Now, before anyone gets too excited or starts thinking that I’ve lost all my marbles after putting the words “safe,” “profit” and “emerging markets” into one sentence, let me be clear about something. Emerging markets are a risky gamble on which to bet your money, there should be no doubt about it. However, emerging markets are also the only places in the world left where there is rapid economic expansion and where businesses enjoy the fastest growth rates. Still, with all that cash coming from every which corner of the world, investors are now looking into safer options in emerging markets as well, such as companies that pay regular dividends.
Here are some statistics that should put things into perspective. According to Bloomberg, comparing the 50 stocks comprising the MSCI Emerging Markets Index that pay the highest dividends with 50 stocks in the same Index with the fastest growing earnings, the dividend-paying group advanced 26% so far in 2010, while the second group advanced 13%. That is a significant change from the past five or six years. But the world has also changed after the crash of 2008 and the recession of 2009, and yields in the emerging markets have become much more attractive than those in the developed markets. As usual, that is only one part of the story.

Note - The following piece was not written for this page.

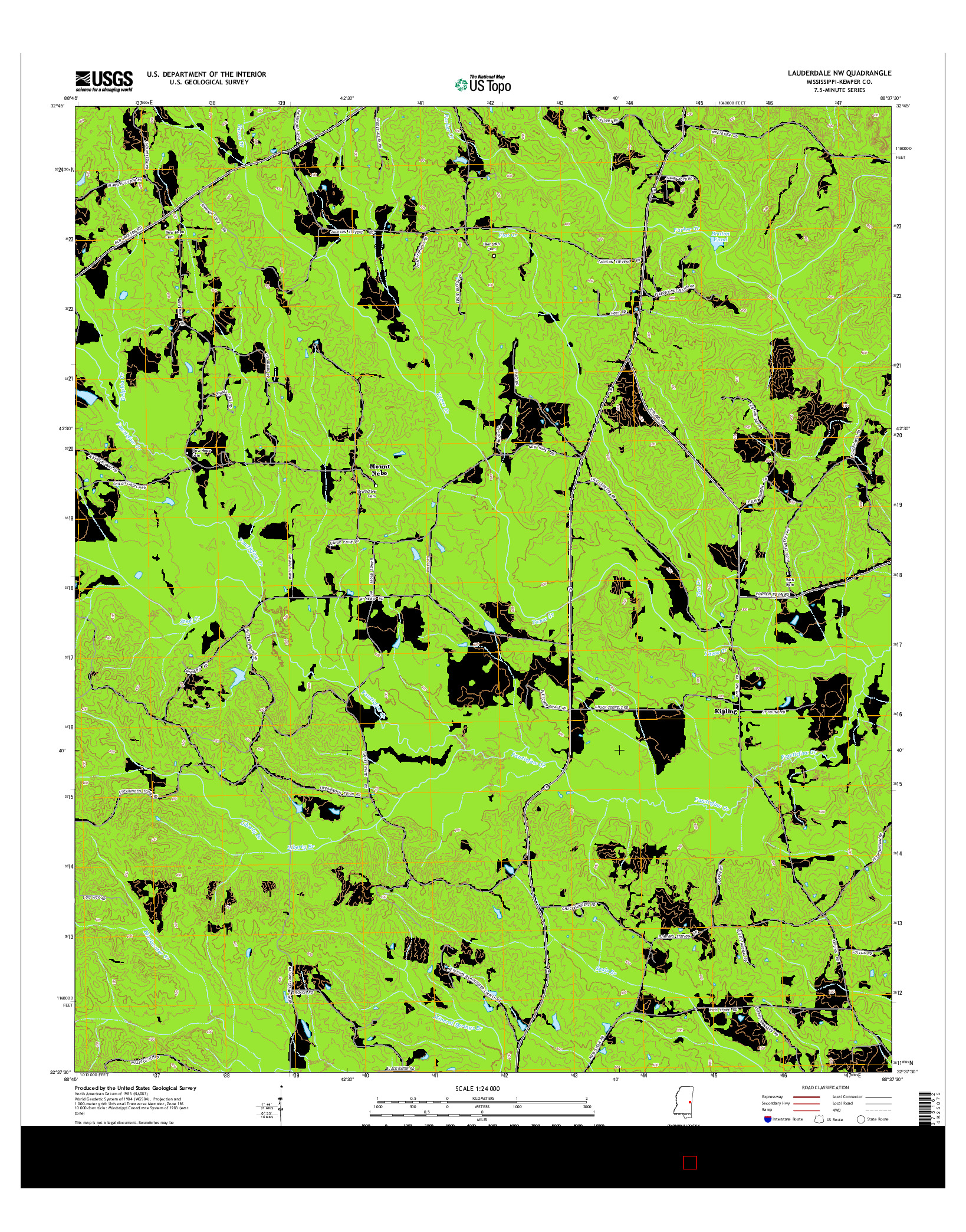 USGS US TOPO 7.5-MINUTE MAP FOR LAUDERDALE NW, MS 2015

The stampede towards emerging market dividend-paying stocks has already begun, partly prompted by ultra-low yields on bonds, literally everywhere. In addition, in Brazil and Thailand, for example, the government has raised taxes to prevent currencies from surging too much, too fast. Such policy decisions have largely left stocks in those regions intact, but have eroded long-term bond yields; hence, the renewed interest in emerging markets equities. And to further reduce risk exposure, investors are now focusing on dividend stocks.
The emerging markets are most certainly changing, too. More and more companies are rewarding their shareholders with dividends. Out of the 754 stocks comprising the MSCI Emerging Markets Index, 634 have paid dividends at the end of the third quarter. Additionally, there were 52 stocks that have generated yields in excess of 5.64%, which is the average annual yield on corporate bonds issued by emerging markets companies.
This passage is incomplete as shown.